Susman and Evered (1978, p. 588) promote a five-phase cyclical process model of diagnosing, action planning, action taking, evaluating and specifying learning. In its simplest form, action research is a cycle of look, think and act, sometimes stated as plan, act, observe and reflect (Dick et al., 2009). Heeks et al. (2019) propose a four-phase applied pragmatist-critical-realist action research methodology cycling through planning, acting, observing and reflecting.
Planning comprises four steps: clarify the problem; identify the purpose of an intervention;
propose mechanisms for the intervention, and design the intervention and methods. These steps correlate to the approach of Susman and Evered (1978). Clarify and identify the problem equates to diagnosis, where the potential generative mechanisms are added to the traditional action research cycle and include retroduction. The term intervention is preferred over taking action by Davison et al. (2004), who also use reflection instead of specifying learning. Design an intervention equates to action planning, acting equates to intervention and observing to evaluation. Reflecting is the equivalent of the specifying learning step of Susman and Evered's (1978). Reflection is central to action research and this study, although, for Heeks et al. (2019), reflecting is active and indicates reflexivity.
The action planning phase of the cyclical-process model resembles the critical-realist retroductive approach, which Dick et al. (2009) describe as hovering “uncertainly and eclectically somewhere between a Rortian pragmatism and critical realism” (p.8). Dick (2003) poses questions in the action planning phase that resonate with the retroductive approach.
Dick (2003) asks what salient issues exist and why they are significant. Assuming that the identified issues are valid, what would the desired outcome be and why, and what actions could bring about this outcome and why? This resonates with the retroductive approach in asking what mechanisms exist in the actual domain that could generate events in the empirical domain (Heeks et al., 2019). Critical realism digs deeper to identify the potential mechanisms' ontology and how the mechanisms may impact the broader society in the research context (Johnson & Duberley, 2000). The iterative retroductive process (Bygstad et
108 al., 2016; Fletcher, 2017) can be considered reflexive. Reflexivity is evident in the reflecting step of Heeks et al. (2019) when evaluating outcomes against emancipatory purposes.
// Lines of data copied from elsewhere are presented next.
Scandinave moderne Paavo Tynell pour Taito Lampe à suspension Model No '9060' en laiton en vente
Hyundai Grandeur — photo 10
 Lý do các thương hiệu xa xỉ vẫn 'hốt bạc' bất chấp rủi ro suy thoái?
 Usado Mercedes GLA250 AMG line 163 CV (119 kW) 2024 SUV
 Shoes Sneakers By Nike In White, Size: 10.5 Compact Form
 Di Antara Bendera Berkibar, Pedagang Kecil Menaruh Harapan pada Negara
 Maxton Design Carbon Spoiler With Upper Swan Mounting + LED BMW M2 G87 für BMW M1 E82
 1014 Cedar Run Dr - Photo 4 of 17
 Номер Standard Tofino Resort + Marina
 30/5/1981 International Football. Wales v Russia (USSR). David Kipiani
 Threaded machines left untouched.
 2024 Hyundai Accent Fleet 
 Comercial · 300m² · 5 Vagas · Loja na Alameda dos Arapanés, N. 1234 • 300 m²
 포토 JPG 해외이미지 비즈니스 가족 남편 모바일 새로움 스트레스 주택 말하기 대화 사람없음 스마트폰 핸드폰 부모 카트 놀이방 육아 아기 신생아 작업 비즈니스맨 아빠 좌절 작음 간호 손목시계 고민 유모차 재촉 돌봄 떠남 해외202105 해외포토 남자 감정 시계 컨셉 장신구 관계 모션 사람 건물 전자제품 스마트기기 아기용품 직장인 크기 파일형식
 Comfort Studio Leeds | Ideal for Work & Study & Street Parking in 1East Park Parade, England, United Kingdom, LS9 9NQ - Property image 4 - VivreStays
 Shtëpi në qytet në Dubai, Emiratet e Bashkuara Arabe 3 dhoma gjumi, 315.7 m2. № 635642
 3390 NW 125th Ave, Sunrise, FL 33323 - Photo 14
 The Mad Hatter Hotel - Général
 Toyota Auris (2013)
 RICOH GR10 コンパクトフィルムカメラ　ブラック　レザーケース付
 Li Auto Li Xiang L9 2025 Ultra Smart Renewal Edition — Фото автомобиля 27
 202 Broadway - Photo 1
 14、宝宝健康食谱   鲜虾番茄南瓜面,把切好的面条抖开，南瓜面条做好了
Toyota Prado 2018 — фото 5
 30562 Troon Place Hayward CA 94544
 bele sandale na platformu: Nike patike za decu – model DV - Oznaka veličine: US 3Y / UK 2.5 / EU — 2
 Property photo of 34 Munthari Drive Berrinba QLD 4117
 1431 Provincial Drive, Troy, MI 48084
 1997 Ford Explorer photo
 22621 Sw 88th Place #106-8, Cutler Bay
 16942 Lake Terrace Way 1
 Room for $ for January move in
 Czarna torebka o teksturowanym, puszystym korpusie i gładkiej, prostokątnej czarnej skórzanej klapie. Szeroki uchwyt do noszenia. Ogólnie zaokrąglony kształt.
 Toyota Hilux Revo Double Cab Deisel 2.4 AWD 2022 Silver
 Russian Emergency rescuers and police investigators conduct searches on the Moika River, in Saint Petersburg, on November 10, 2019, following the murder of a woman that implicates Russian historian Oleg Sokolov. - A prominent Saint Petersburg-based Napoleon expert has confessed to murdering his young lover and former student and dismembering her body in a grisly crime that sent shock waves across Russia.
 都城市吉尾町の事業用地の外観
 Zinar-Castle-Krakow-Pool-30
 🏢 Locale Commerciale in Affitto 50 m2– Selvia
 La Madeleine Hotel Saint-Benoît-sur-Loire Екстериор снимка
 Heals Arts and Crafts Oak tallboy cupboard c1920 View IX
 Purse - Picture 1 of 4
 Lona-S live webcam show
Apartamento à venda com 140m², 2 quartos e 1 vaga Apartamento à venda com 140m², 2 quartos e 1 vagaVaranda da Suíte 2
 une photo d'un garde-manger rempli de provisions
This form of reflexivity fosters praxis which combines practice and theory (Dick et al., 2009).
Susman and Evered (1978) take a narrower view of praxis when separating practice from theory and techne. They trace praxis back to the Aristotlean meaning, which refers to acting in a manner that brings about change in conditions and includes changes in the person bringing about the change.
The action research approach shown in Figure 4.1 was inspired by Davison et al. (2012). Steps one through four indicate the iterative action research cycle from project start to project end.
Central to the diagram is the theoretical components which are linked to steps one, two and four. A dotted line between the focal and instrumental theories boxes indicate that the theories can influence one another.
Figure 4.1. Enhanced cyclical pragmatist-critical realism action research model. (Adapted from Davison et al. (2012)).